Thursday, March 31

I am losing focus. Eh, I can't even say I'm losing it because it's already gone. I can't focus.
Having a fun social life and spending lots of time with my boyfriend has made me stupid. I was always a procrastinator but now I do things so half-ass that I know it won't turn out right in the end, yet I continue to just swing it. Go with it. "You'll do fine!" "Don't worry about it." "You know this crap." No, what I should have done was actually complete the homework, give a shit about what I'm learning, and not put everything off 'til the morning of. I know I bombed my test today in my algebra class, and she gave me 0 points for the homework. I didn't show any work. I can fucking do those problems in my head...but I did copy some of 'em from the back of the book. But still, I did most of 'em in my head. So I'm not happy. I shouldn't even be in this stupid class, I passed algebra 1 and 2 in high school, why the fuck am I in this class anyway...oh yeah, I couldn't pass the placement test. Just found out today though if you tell them you've already completed those that they'll place you where you need to be placed. Glad I'm in the class for no reason then.
I lost focus. I want it back.
I can't blame anyone but myself though. I just get so lazy.

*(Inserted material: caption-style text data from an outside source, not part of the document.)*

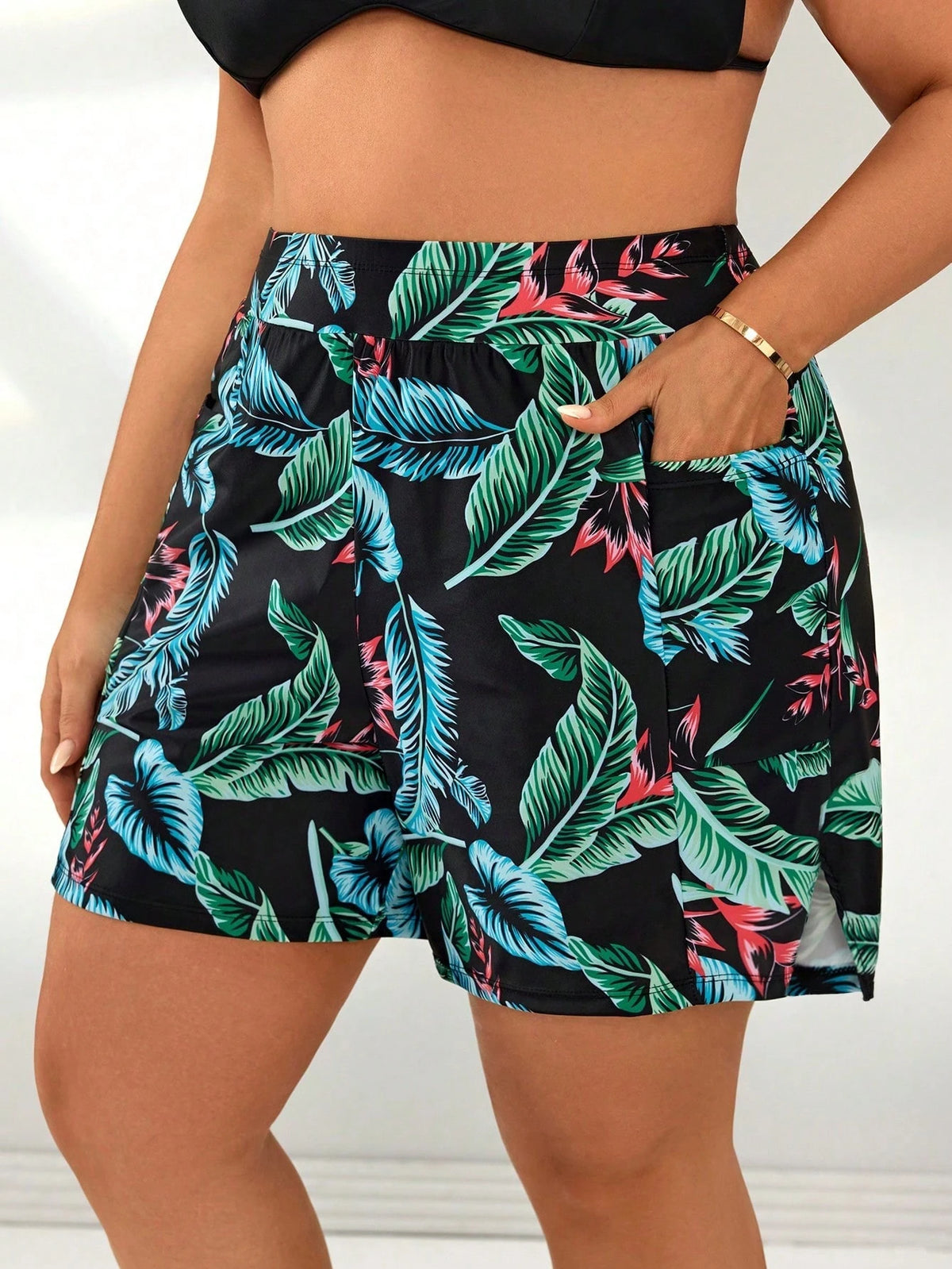Swim SPRTY Women's Plus Size Tropical Print Beach Shorts: Summer Swimwear Bottoms With Pockets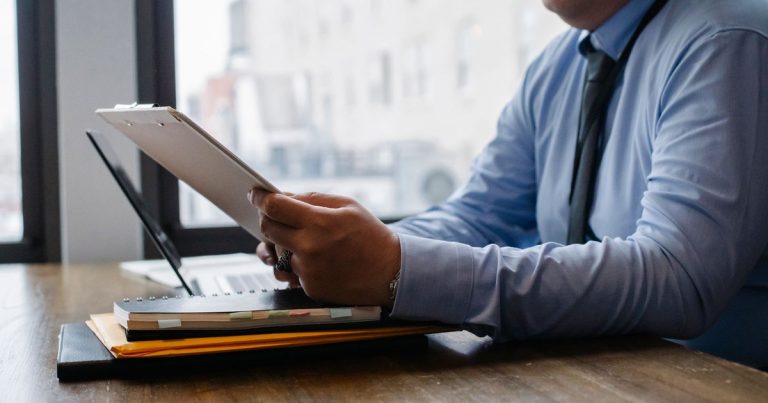 Gérant lisant des documents à son bureau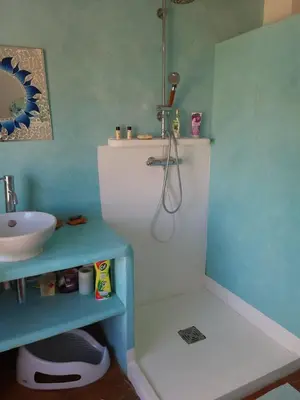 Salle de bains dans l'établissement La Maison Blanche – Plage et centre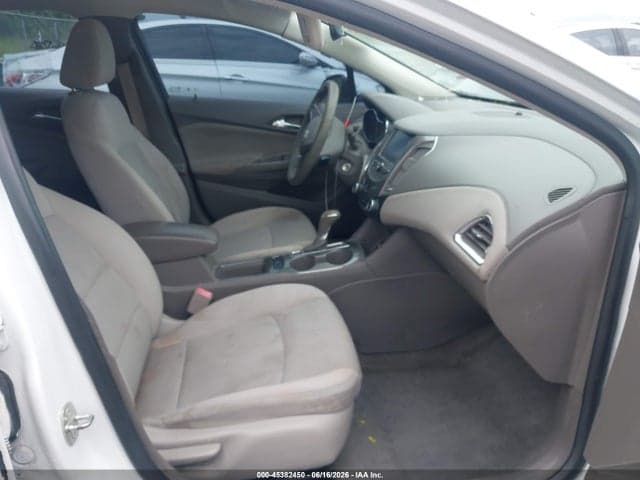 2018 CHEVROLET CRUZE LT AUTO 5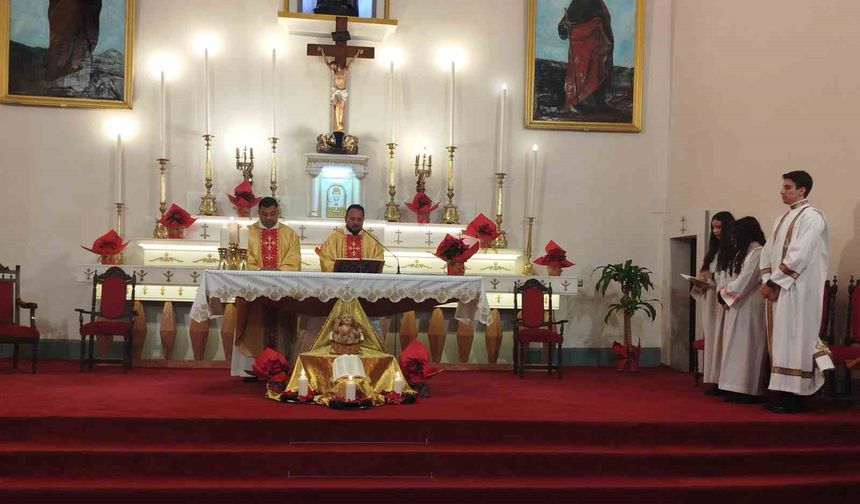 Mersin'de Rum Ortodoks Kilisesi'nde Noel ayini düzenlendi
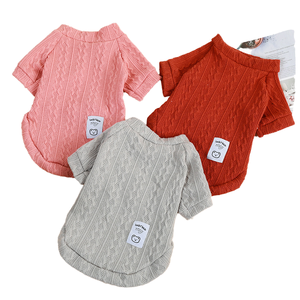 शरद ऋतु सर्दियों में कुत्तों और बिल्लियों के लिए गर्म बुनाई कोट ठोस रंग xlpi पालतू स्वेटर कपड़े कारखाने की आपूर्ति - Product Image 1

I'm hanging with Cassie today, thank goodness. I need Cassie-time. It's so fucking hot today, I want to go to the beach but I'm sure there'll be plenty of other hot days to go. I just need a tan, bad.
I've been working decent hours, I usually stay my full shift. And I'm picking up shifts, so I'm pleased about that. Money, I NEED IT!

I'm so hungry. Weed. Matzoh. All My Children.
Time to eat my feelings and watch a dramatic soap opera. The usual.